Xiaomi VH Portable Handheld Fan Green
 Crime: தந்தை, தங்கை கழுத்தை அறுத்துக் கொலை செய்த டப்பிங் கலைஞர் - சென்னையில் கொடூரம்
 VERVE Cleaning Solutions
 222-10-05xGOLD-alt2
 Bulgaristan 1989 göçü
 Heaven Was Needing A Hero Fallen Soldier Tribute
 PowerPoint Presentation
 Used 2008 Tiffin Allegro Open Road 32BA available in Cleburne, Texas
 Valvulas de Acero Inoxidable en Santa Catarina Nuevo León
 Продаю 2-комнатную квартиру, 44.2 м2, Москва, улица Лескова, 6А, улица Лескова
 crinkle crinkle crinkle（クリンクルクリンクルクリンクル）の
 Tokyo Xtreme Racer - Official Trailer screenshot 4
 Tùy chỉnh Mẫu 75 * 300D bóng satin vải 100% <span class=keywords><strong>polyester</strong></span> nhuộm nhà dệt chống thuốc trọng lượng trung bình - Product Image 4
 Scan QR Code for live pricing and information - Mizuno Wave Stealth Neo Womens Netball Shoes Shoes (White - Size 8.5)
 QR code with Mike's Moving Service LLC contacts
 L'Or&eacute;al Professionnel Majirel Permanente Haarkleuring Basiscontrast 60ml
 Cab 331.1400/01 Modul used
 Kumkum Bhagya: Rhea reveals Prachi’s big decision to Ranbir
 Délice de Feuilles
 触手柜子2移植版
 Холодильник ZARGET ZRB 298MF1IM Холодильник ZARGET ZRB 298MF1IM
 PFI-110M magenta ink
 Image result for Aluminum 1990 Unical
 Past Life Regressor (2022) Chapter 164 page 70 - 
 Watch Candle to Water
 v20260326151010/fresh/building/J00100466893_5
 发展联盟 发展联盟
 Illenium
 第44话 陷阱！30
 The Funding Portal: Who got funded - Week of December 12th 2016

### Instructions for the task
Copy all the records exactly so that no character differs from the source.

### Answer section
Xiaomi VH Portable Handheld Fan Green
 Crime: தந்தை, தங்கை கழுத்தை அறுத்துக் கொலை செய்த டப்பிங் கலைஞர் - சென்னையில் கொடூரம்
 VERVE Cleaning Solutions
 222-10-05xGOLD-alt2
 Bulgaristan 1989 göçü
 Heaven Was Needing A Hero Fallen Soldier Tribute
 PowerPoint Presentation
 Used 2008 Tiffin Allegro Open Road 32BA available in Cleburne, Texas
 Valvulas de Acero Inoxidable en Santa Catarina Nuevo León
 Продаю 2-комнатную квартиру, 44.2 м2, Москва, улица Лескова, 6А, улица Лескова
 crinkle crinkle crinkle（クリンクルクリンクルクリンクル）の
 Tokyo Xtreme Racer - Official Trailer screenshot 4
 Tùy chỉnh Mẫu 75 * 300D bóng satin vải 100% <span class=keywords><strong>polyester</strong></span> nhuộm nhà dệt chống thuốc trọng lượng trung bình - Product Image 4
 Scan QR Code for live pricing and information - Mizuno Wave Stealth Neo Womens Netball Shoes Shoes (White - Size 8.5)
 QR code with Mike's Moving Service LLC contacts
 L'Or&eacute;al Professionnel Majirel Permanente Haarkleuring Basiscontrast 60ml
 Cab 331.1400/01 Modul used
 Kumkum Bhagya: Rhea reveals Prachi’s big decision to Ranbir
 Délice de Feuilles
 触手柜子2移植版
 Холодильник ZARGET ZRB 298MF1IM Холодильник ZARGET ZRB 298MF1IM
 PFI-110M magenta ink
 Image result for Aluminum 1990 Unical
 Past Life Regressor (2022) Chapter 164 page 70 - 
 Watch Candle to Water
 v20260326151010/fresh/building/J00100466893_5
 发展联盟 发展联盟
 Illenium
 第44话 陷阱！30
 The Funding Portal: Who got funded - Week of December 12th 2016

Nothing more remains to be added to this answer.